1. Defining your Service Level Agreement (SLA)
You should define your service level targets, which you can validate during performance testing, use as a basis to monitor your add-ons at runtime, and guarantee by scaling your deployment. The following table lists some examples of indicators you could track:
| Category | Indicator | Description |
| Performance | Uptime | Time during which the add-on is operational, outside of your documented maintenance windows (e.g. 99%) |
| User interface response times | e.g. average response time, mean response time, 90th or 95th percentile response time | |
| Service calls (e.g. REST) response times | e.g. average response time, mean response time, 90th or 95th percentile response time | |
| Business Continuity | RTO (Recovery Time Objective) | Duration of time within which the service must be restored after a major incident (e.g. 8h) |
| RPO (Recovery Point Objective) | Maximum tolerable period in which data might be lost due to a major incident (e.g. 24h) | |
| Support | Availability | Hours of operation for the support team (e.g. 24x7x365, or 8 hours a day / 5 days a week in your timezone) |
| Initial response time |
Time elapsed between the customer's first request and the initial support response. For example: - Level 1: 1 hour - Level 2: 4 hours - Level 3: 8 hours - Level 4: 24 hours |
|
| Resolution time | Time elapsed between the customer's first request and the issue being resolved. |
2. Managing the Performance of your Add-ons
Scalability
There are two ways to design your add-ons to scale with a growing number of installations and users:
- Vertical scaling: you scale by adding more resources (e.g. CPU, memory) to existing nodes
- Horizontal scaling: you scale by adding more nodes (e.g. servers)
It may be difficult to predict exactly the resources your add-ons will need. For this reason, and because your add-ons will operate in a cloud environment targeting thousands of customers, we encourage you to design your add-ons to scale horizontally.
Existing cloud providers can help you scale your implementations. One example of such providers is Heroku, a cloud application platform that can host applications developed in Java, Node.js, Pyton, Ruby, Scala or Clojure. Heroku leverages Amazon AWS (Amazon Web Services) technology, and mostly supports horizontal scaling. Other examples or world-class platforms include the Google Cloud Platform and Salesforce One.
Performance testing
We recommend you run performance tests for your add-ons. This will help you define the resources your add-ons require when you first deploy them, and understand how new versions of your add-ons impact resource utilization.
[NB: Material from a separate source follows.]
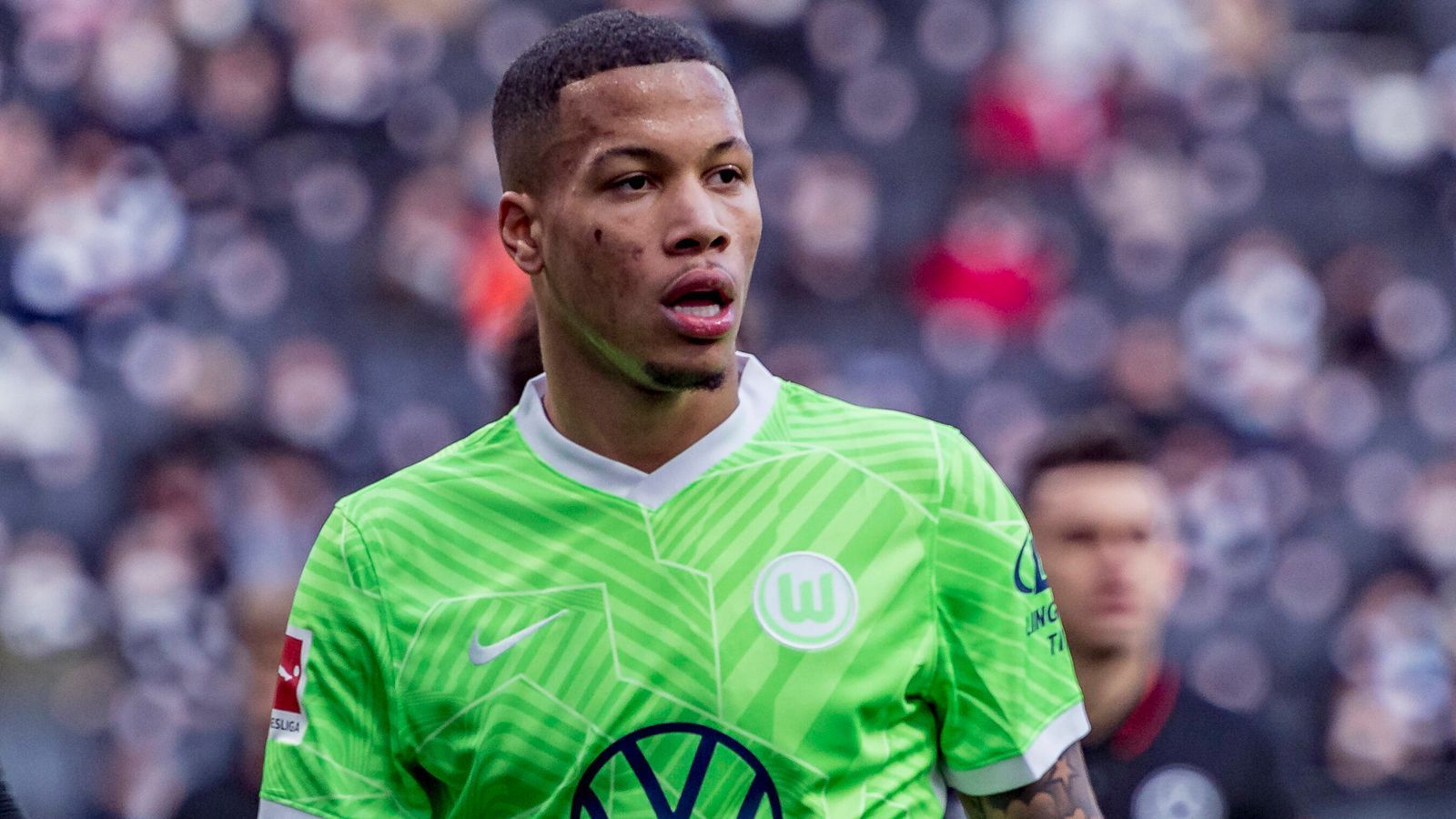 
                <strong>VfL Wolfsburg: Aster Vranckx</strong><br>
                Von 34 möglichen Bundesliga-Spielen stand Aster Vranckx in 24 für die Wolfsburger auf dem Feld. Dabei spielte der 19-jährige Belgier für viele noch unter dem Radar - und das, obwohl der Mittelfeldspieler im vergangenen Jahr von den Wölfen für acht Millionen Euro vom belgischen Erstligisten KV Mechelen verpflichtet wurde. In Belgiens U21 ist Vranckx sogar Kapitän und dürfte in der kommenden Saison mit konstant guten Leistungen seinen Marktwert weiter steigern.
The following classes of tests are particularly useful:
| Test Type | Objectives |
| Load testing | Test the add-on under the load that is expected when the add-on is live, to validate that it is behaving as expected. |
| Stress testing | Identify the limits of the add-on, and understand how the add-on behaves when the load is much higher than the expected load. |
| Soak testing | Identify potential memory leaks, degrading performance because of poor database indexing, etc. A soak test is the equivalent of a load test that runs over a long period of time. |
| Spike testing | Understand how the add-on will react to a sudden burst of requests. |
You should run performance tests for your add-ons:
- In isolation, using mock implementations of Atlassian products REST APIs. This helps identify any issues (memory leaks, etc.) limited to your implementation.
- Using a real-life deployment environment for end-to-end performance tests. For this we recommend you use a performance testing environment that is as close as possible to the production environment. You should set up instances of Atlassian OnDemand products for this purpose.
There are a number of tools to help you design and run performance tests for your add-ons. Examples of Load Testing Frameworks include The Grinder and Locust. They help you run distributed tests using many load injector machines.
Monitoring your SLA
You should have tools to monitor your add-on performance at runtime, and procedures in place to scale resources once specific thresholds are met. At a minimum, you should monitor utilization of resources by your add-ons (CPU, memory, disk space, etc.). When using a cloud provider, you can look at strategies to automatically scale the resources allocated to your add-ons based on load.
3. Maintaining your Add-ons
Versioning and Upgrading
We automatically detect updates to add-ons with a polling service. This way, you can easily release fixes and new features without having to manually create new version entries in the Marketplace. For more information on how to upgrade your add-ons and manage versions, you should read the Upgrading your Add-on section.
Maintenance Windows
Since your add-on and Atlassian products are decoupled, you can decide when to upgrade your add-ons independently from the Atlassian OnDemand Maintenance Windows. Ideally, your solution should be architected in a way that ensures maintenance is transparent to end-users. If this is not possible, make sure you publish your maintenance windows online, and provide a meaningful error message to users trying to access your add-ons at this time.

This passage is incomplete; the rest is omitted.